Advice on taking care of your new kitten

There are some important thing to consider when getting a new kitten

  • Vaccinations
  • Health Assessments
  • Identichip
  • Neutering
  • De-worming
  • Flea Treatment and Control
  • Vaccinations 1st vaccination from 9 weeks old, and 2nd vaccination 3-4 weeks after. Keep cats in for at least one week after the 2nd vaccination. It is most important that all cats are given a yearly booster for continued protection against disease. We vaccinate cats against the following: Feline Enteritis, Cat Flu, Feline Leukaemia and Feline Chlamydia.
  • Health Assessments Because pets age seven years for every one of humans, having a physical examination every six months for a pet is like a human having an exam every three and a half years. Pets are unable to tell us how they feel, so they are on a faster path toward illness than humans. Many pets mask their illness from us, so only an experienced vet can perform a proper exam to determine the state of wellness.
  • Identichip A small, rice-grain size microchip is implanted under the skin giving permanent, irrefutable proof of identity. If your cat goes missing, scanners held by animal welfare organisations (e.g. RSPCA, Cats Protection), veterinary practices etc will identify your cat’s unique microchip number and help re-unite you and your pet.
  • Neutering This is the removal of your pet’s reproductive glands to stop it from breeding. We recommend neutering for all pets not explicitly used for breeding purposes. Neutered pets have fewer diseases, fight less, have cancer less, and live longer.

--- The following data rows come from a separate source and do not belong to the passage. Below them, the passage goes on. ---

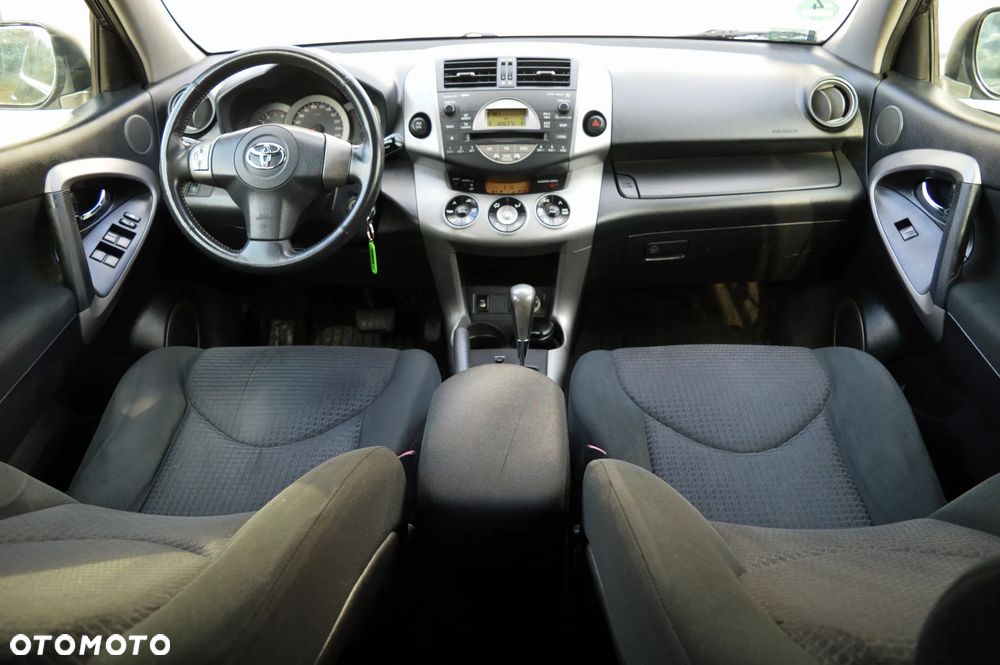 Toyota RAV4 2.0 VVT-i Prestige - 8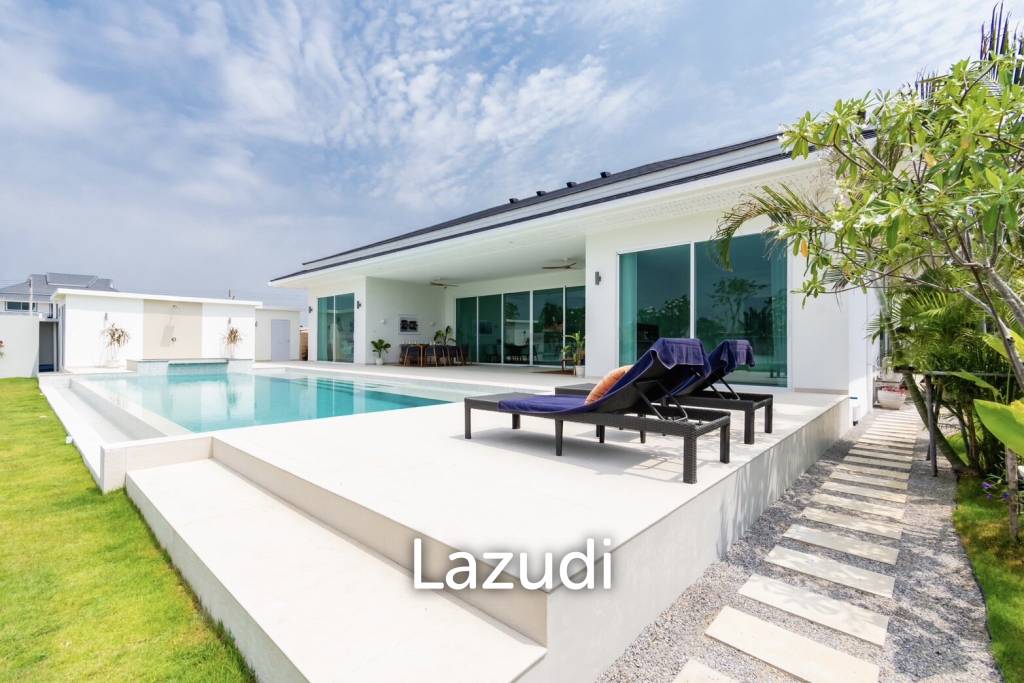 Villa de 4 dormitorios en Hua Hin, Thailand No. 25165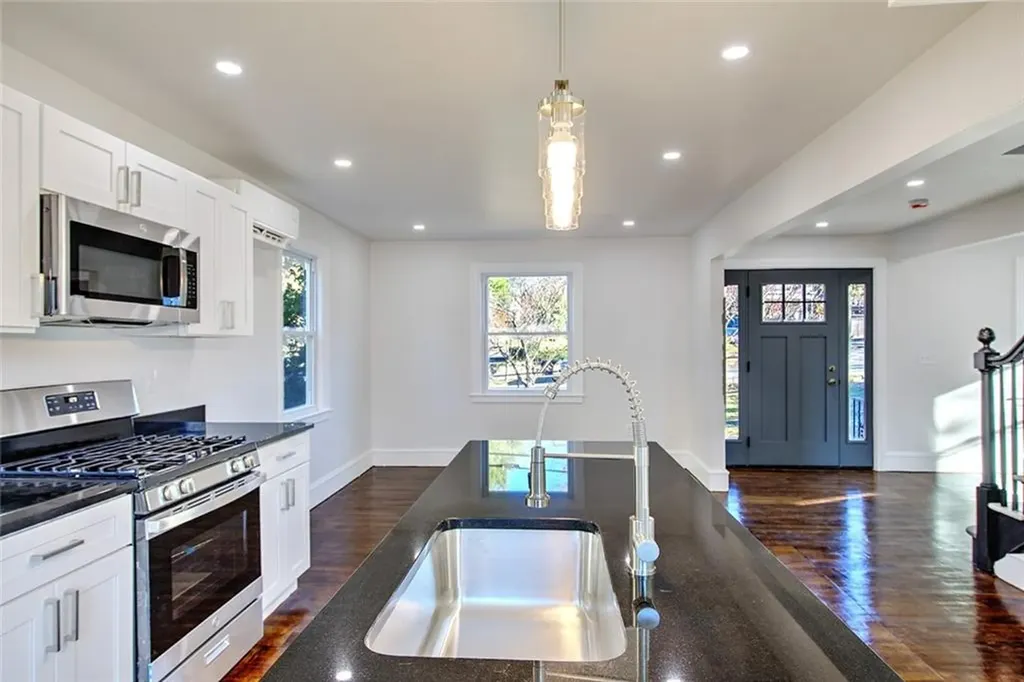 260 Camp Street Providence RI 02906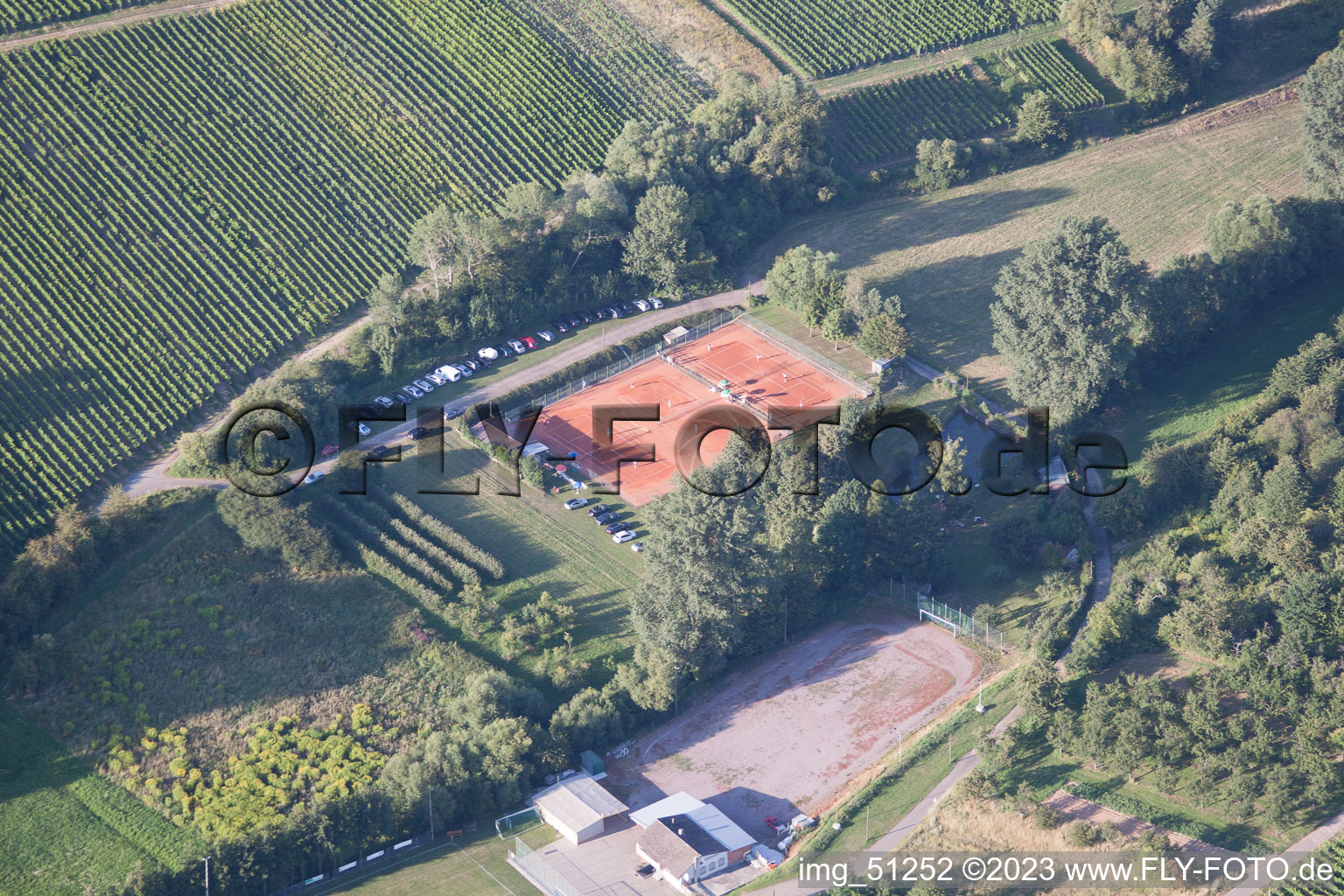 Vue aérienne de Club de tennis à Oberotterbach dans le département Rhénanie-Palatinat, Allemagne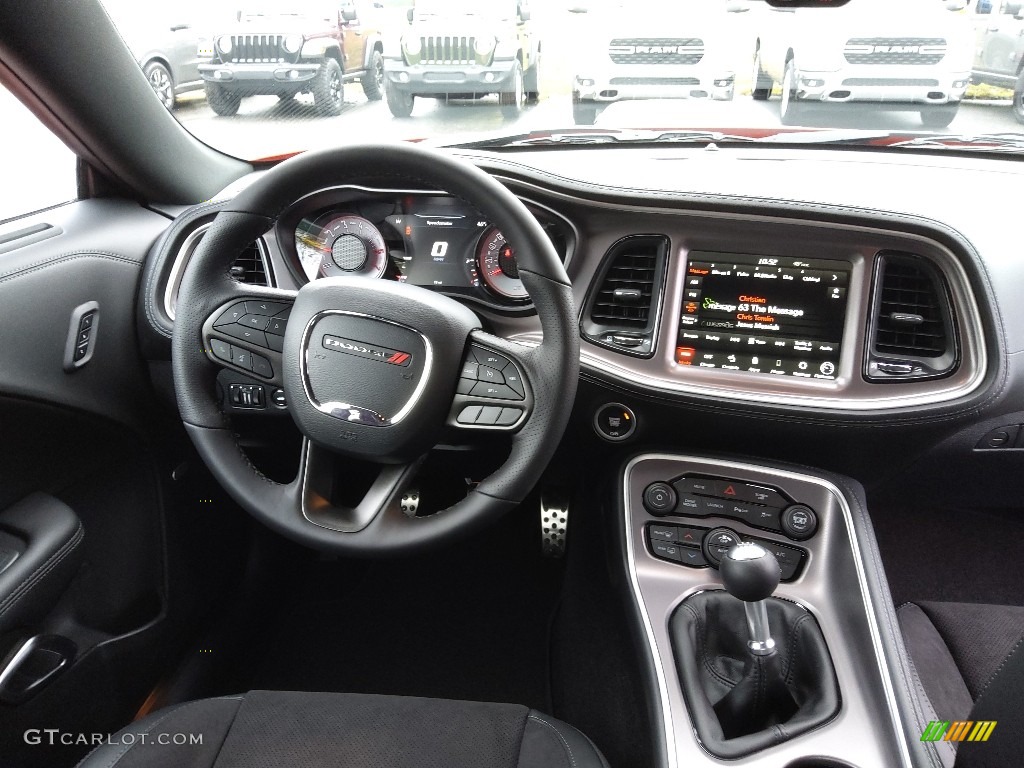 2022 Dodge Challenger R/T Scat Pack Shaker Black Dashboard Photo #143874875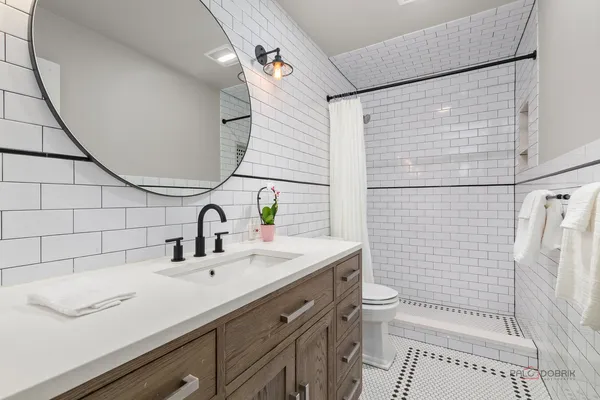 $2,100,000 | 584 Fletcher Court, Lake Forest, IL 60045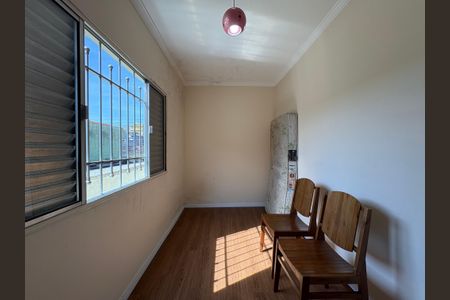 Casa à venda com 154m², 4 quartos e 2 vagas Casa à venda com 154m², 4 quartos e 2 vagasQuarto 2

Neutering DOES NOT alter the personality of your pet! Neutering in males is called castration and in females, spaying. The common time for neutering in males and females is between 6 and 12 months of age.
  • De—Worming Regular de-worming is necessary for the health of your pet and to protect the family from particular worms called Toxocara. Kittens should be wormed every month until 6 months old. Adults (older than 6 months) should be wormed every 3 months. However, if your pet is a hunter, roams, or is fed raw meat, more frequent worming, in accordance with the worm life cycle, may be necessary. Please discuss this with us. NOTE: Evidence of intestinal parasites may not necessarily be visible to the naked eye.
  • Flea Treatment and control Most, if not all animals, will encounter fleas at some time in their life. Signs of infestation include: • Presence of actual fleas • Bites on the skin which look like small pimples • Black, gritty material on the coat (flea dirt/faeces) • Allergic skin reactions (dermatitis) Flea control is possible only if both the pet and its environment are treated.